宍戸錠、牧真介らの日活ニューフェース1期生で、そういえば等欄であまり取り上げたことなかったなあと思うのが名和宏である。
名和宏といえば、やはり悪役もしくはエロ大名といったイメージが強いが、日活時代には数本主役も得ているのである。おもに時代劇で、その中の1つが「快傑耶茶坊」(56年)である。ストーリーは薩摩藩が奄美大島の侵略を開始、それに立ち向かう琉球から来た空手の使い手が名和扮する耶茶坊と明智三郎演じる真牛である。明智三郎はこの後、新東宝で明智十三郎として活躍する。他の出演者は南寿美子、島秋子、安部徹、小林重四郎、殿山泰司、澤村国太郎、河野秋武、瀬川路三郎など。

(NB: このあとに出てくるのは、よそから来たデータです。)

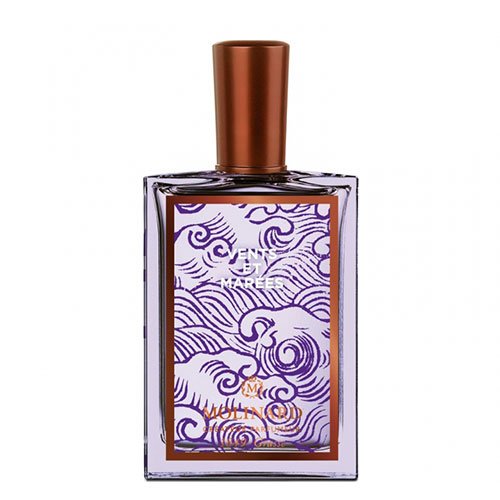 MOLINARD Vents et Marées - Eau de Parfum 3305400166040 MOLINARD Vents et Marées - Eau de Parfum 3305400166040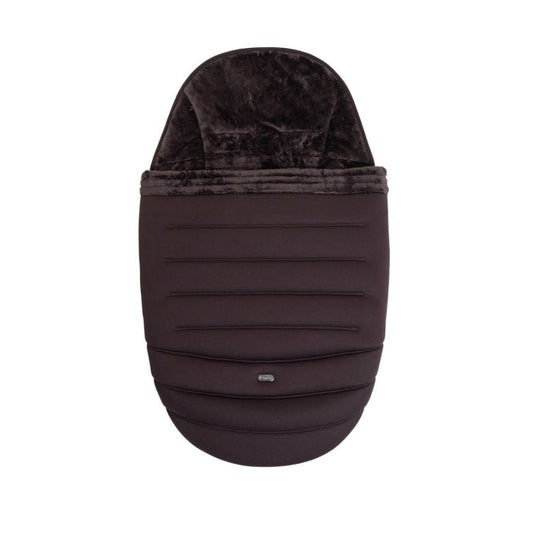 iCandy Peach 8 Editions Footmuff - Coffee Bean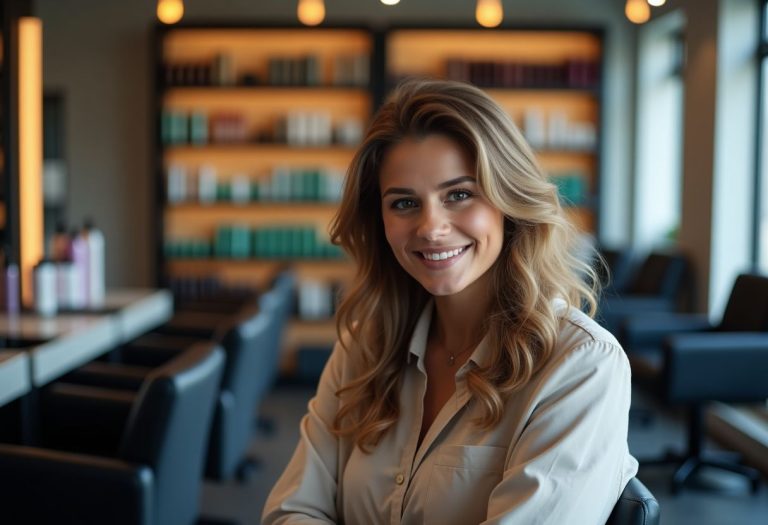 Comment préparer le CAP métiers de la coiffure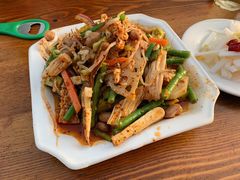 -韩马老王烧烤(西二路店)
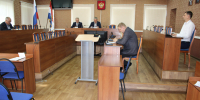 Определили дату проведения публичных слушаний и обсудили изменения в муниципальные правовые акты - Дума г.о.Сызрань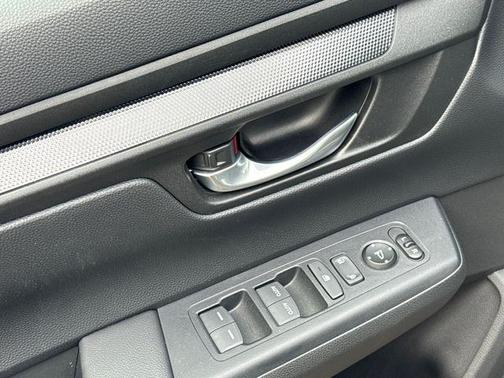 2023 Honda CR-V Hybrid Sport AWD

本作は前後編に分かれており、前編は「流血島の鬼」、後編は「絶海の死闘」というサブタイがついている。
「甲武信嶽伝奇」(56年)は甲武信嶽に眠ると伝えられる秘宝をめぐって展開される物語。原作は「銭形平次」で知られる野村胡堂である。
主演はこちらも名和宏で、他に坂東好太郎、美多川光子、河野秋武、山根寿子、澤村国太郎、中川晴彦など。中川晴彦は後の中村竜三郎のことで、彼もやはり新東宝に転じている。
こちらは三部作で、それぞれ「黄金地獄」「人肌地獄」「決闘地獄」というサブタイがつく。
とまあ順調に活躍していた名和宏だったが、そこに現れたのが石原裕次郎であった。彼の登場により日活は制作方針を変更し、時代劇が大幅に減ることとなった。その影響で前述のとおり明智十三郎、中村竜三郎、坂東好太郎らは新東宝へ移り、名和宏も翌57年に松竹へ移籍していく。しかし、元々は裕次郎が日活のオーディションに落ちたのは顔の輪郭が似ている名和宏がいたからだという説がある。事実だとすれば、逆に裕次郎により名和は日活を追い出された形になったといえるかもしれない。